## [Entries provided]
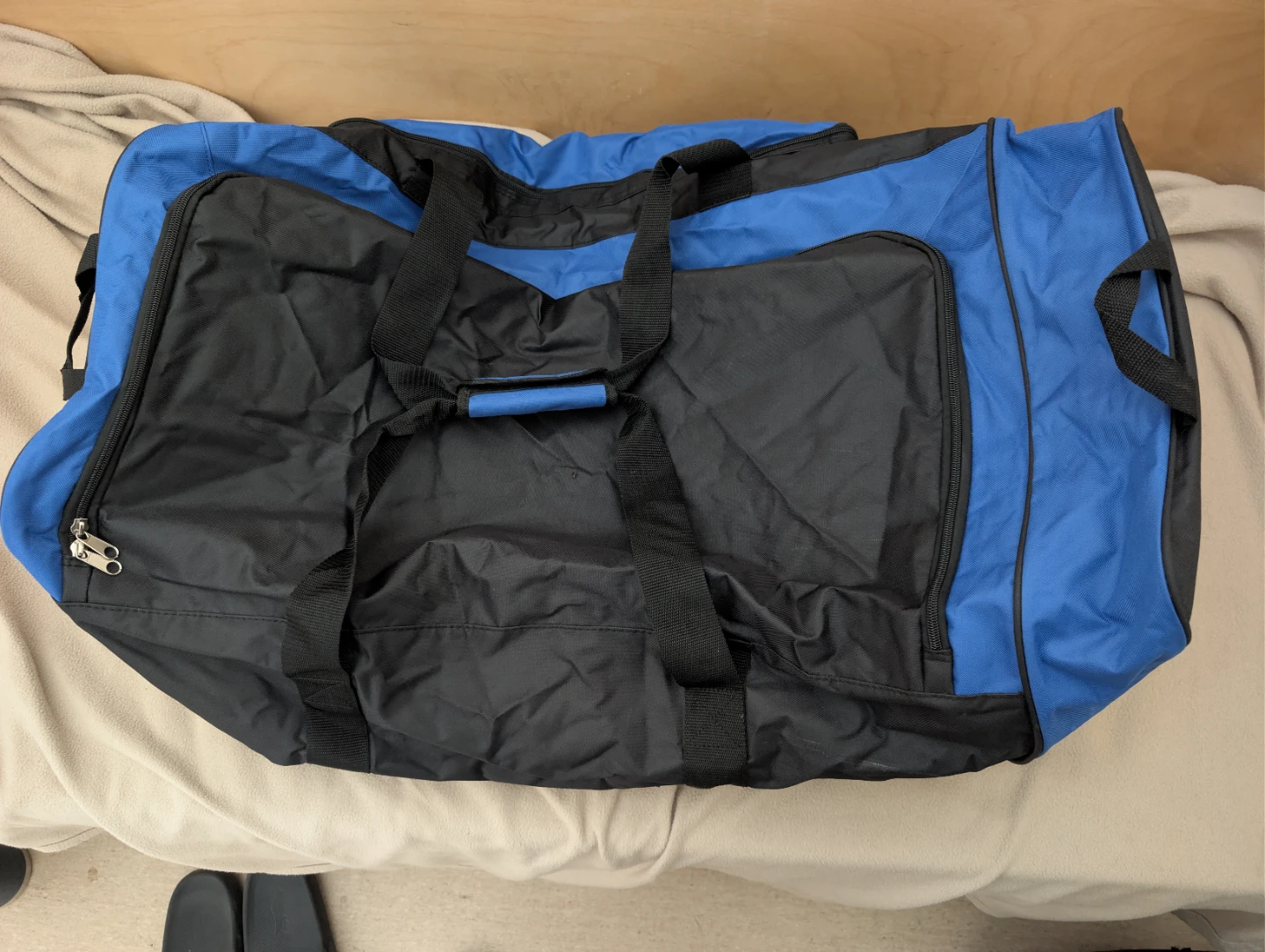 36" DUFFEL BAG FOR SALE - photo 2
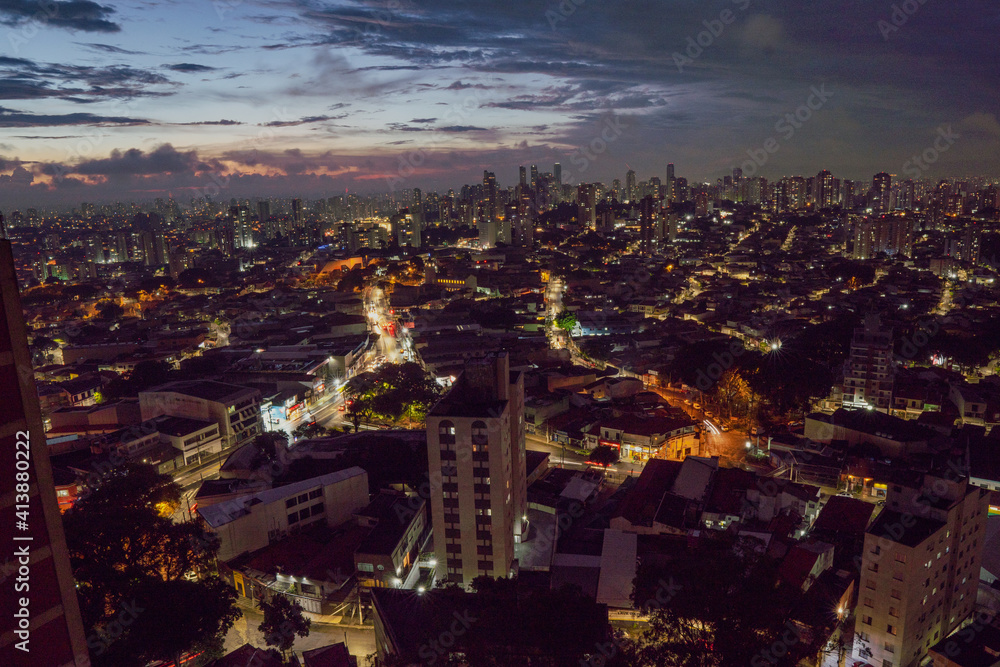 Obraz premium Sunset in São Paulo, Brazil, metropolis 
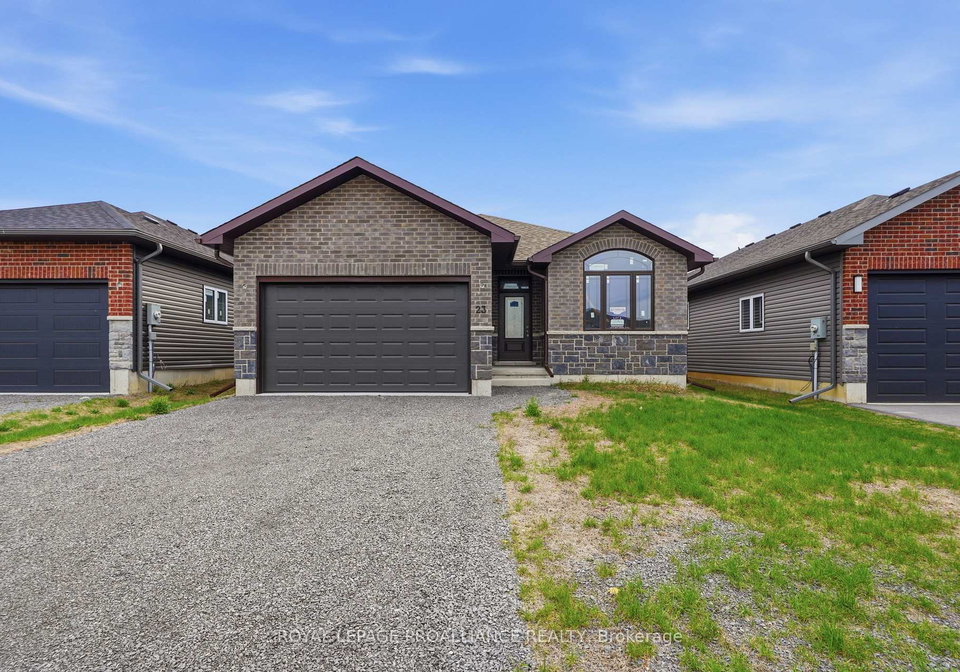 23-matheos-crescent-quinte-west-ontario-x13061340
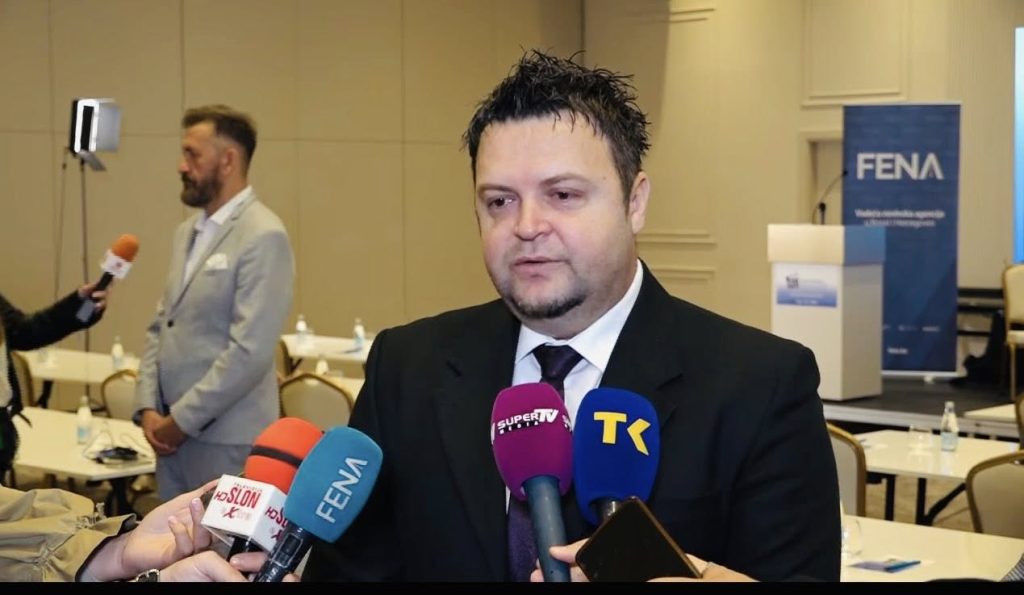 JOŠ JEDAN AUTOGOL U VLADI TK: Ministar Gazdić presuđen za klevetu bivše pomoćnice Elezović JOŠ JEDAN AUTOGOL U VLADI TK: Ministar Gazdić presuđen za klevetu bivše pomoćnice Elezović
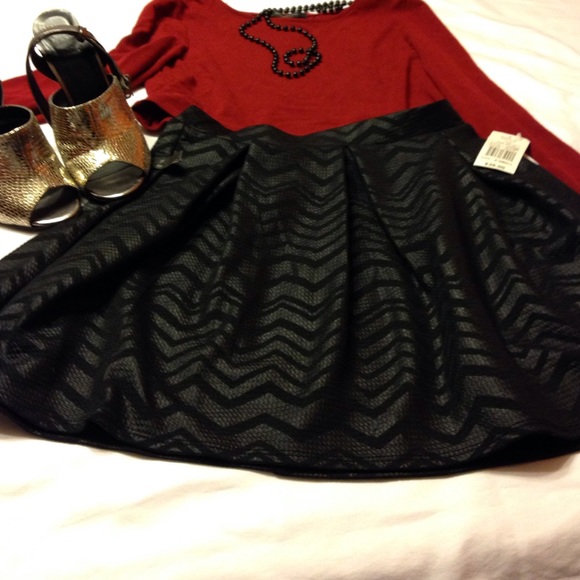 Joe Benbasset Mini skirt🌝🔥 - Picture 4 of 4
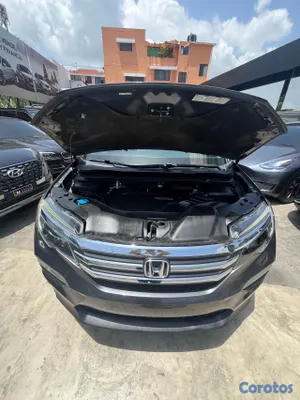 2016 Honda Pilot — foto 12 / 12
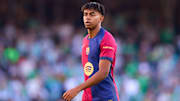 Lamine Yamal avec le maillot du FC Barcelone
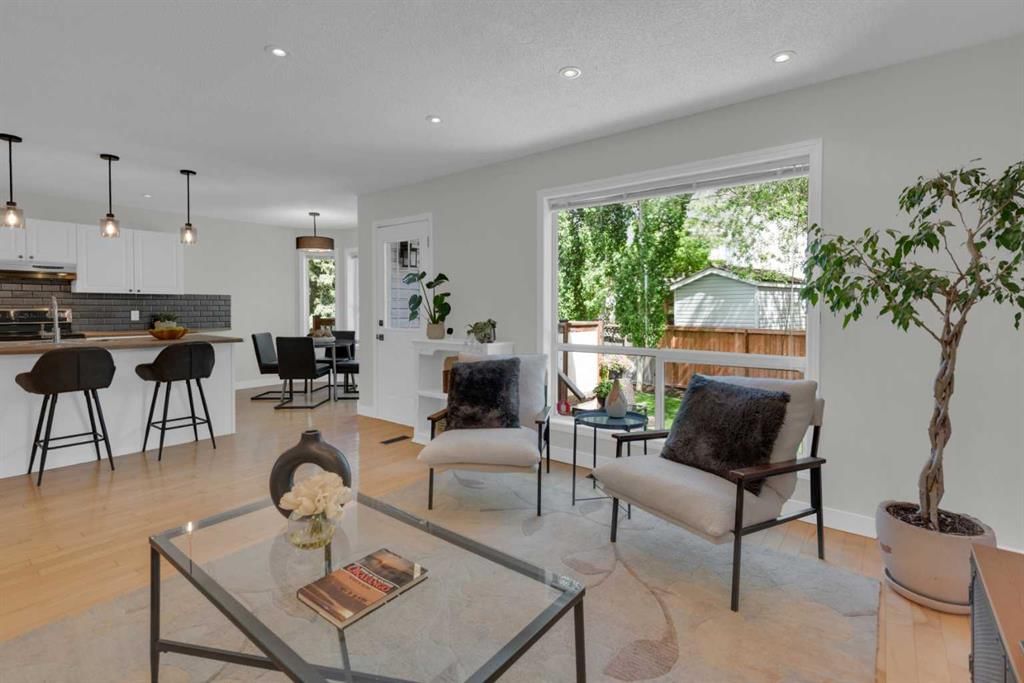 74 Douglasview Circle SE, Calgary — photo 4 of 46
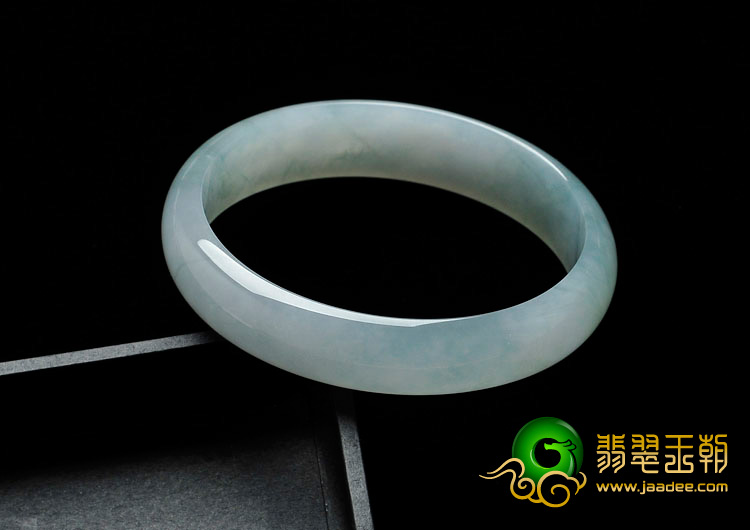 冰种晴水缅甸翡翠手镯（58.1mm）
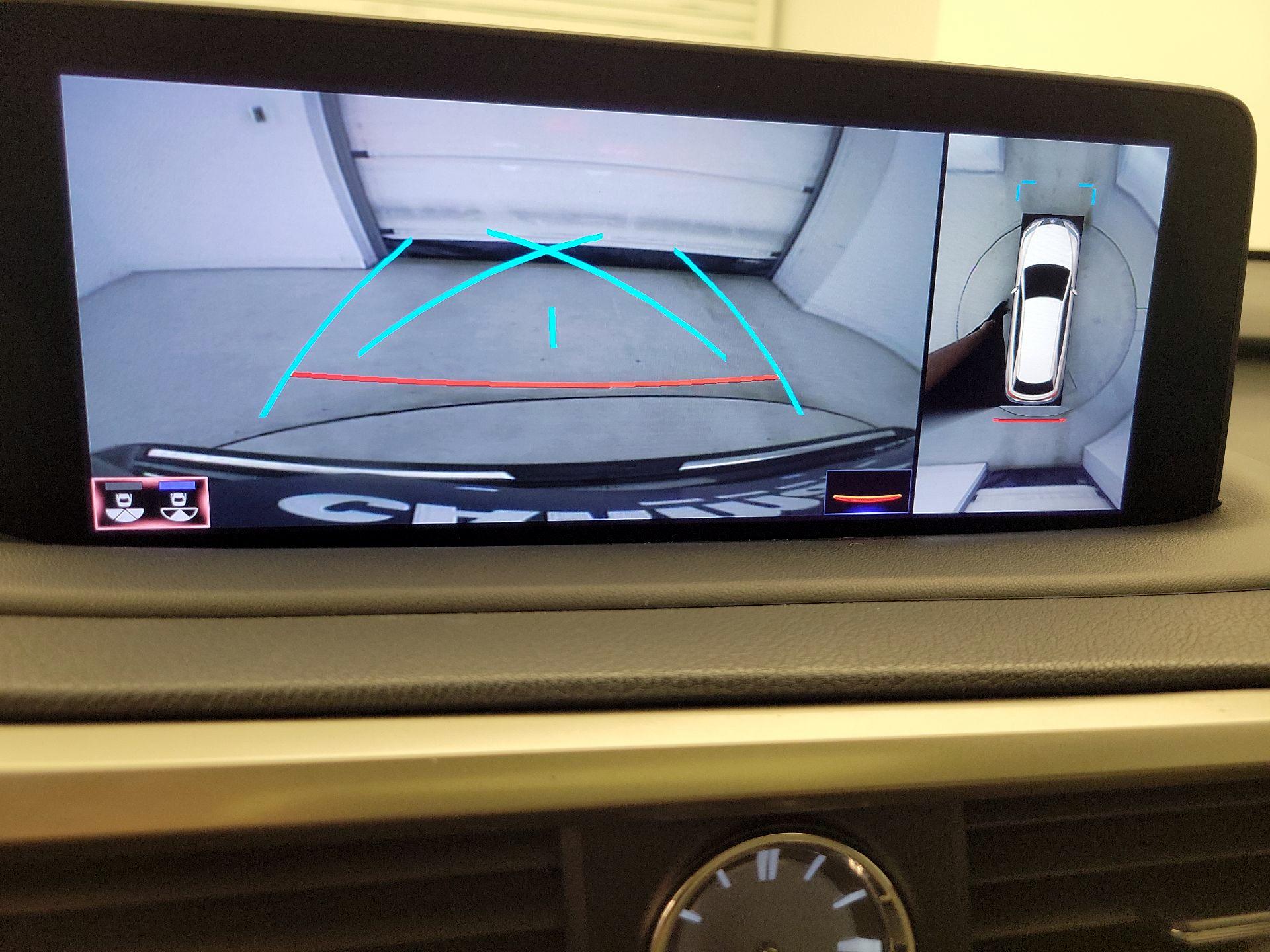 Thumbnail: 2022 Lexus RX - 15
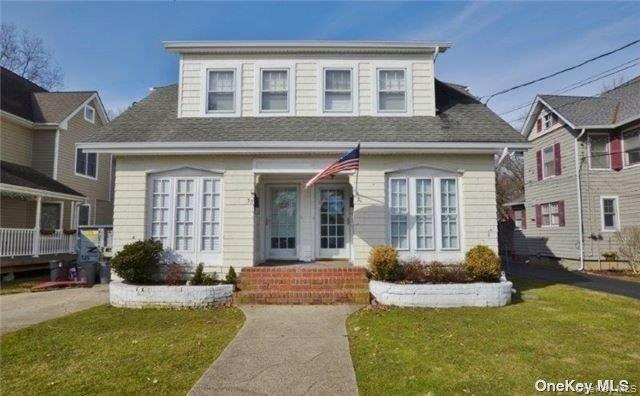 31 Highland Court, Huntington, NY 11743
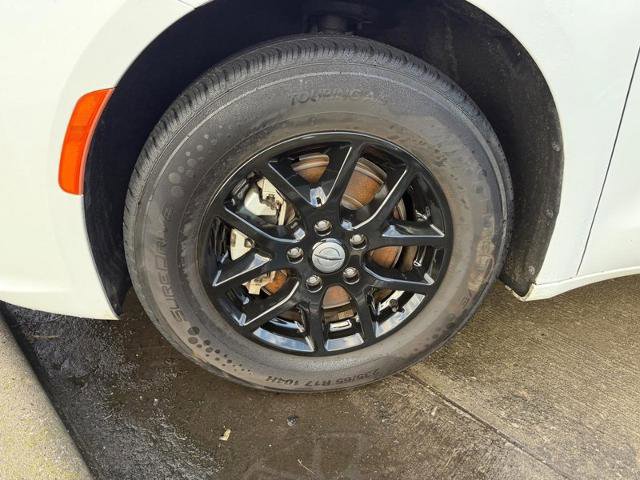 Used 2024 Chrysler Pacifica Touring-L video 2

## [How to complete this task]
Of the entries above, print exactly those lines that run from the one containing "Lamine Yamal avec le maillot du FC Barcelone" through the last line, excluding any pictures.

## [Expected output]
 Lamine Yamal avec le maillot du FC Barcelone
 74 Douglasview Circle SE, Calgary — photo 4 of 46
 冰种晴水缅甸翡翠手镯（58.1mm）
 Thumbnail: 2022 Lexus RX - 15
 31 Highland Court, Huntington, NY 11743
 Used 2024 Chrysler Pacifica Touring-L video 2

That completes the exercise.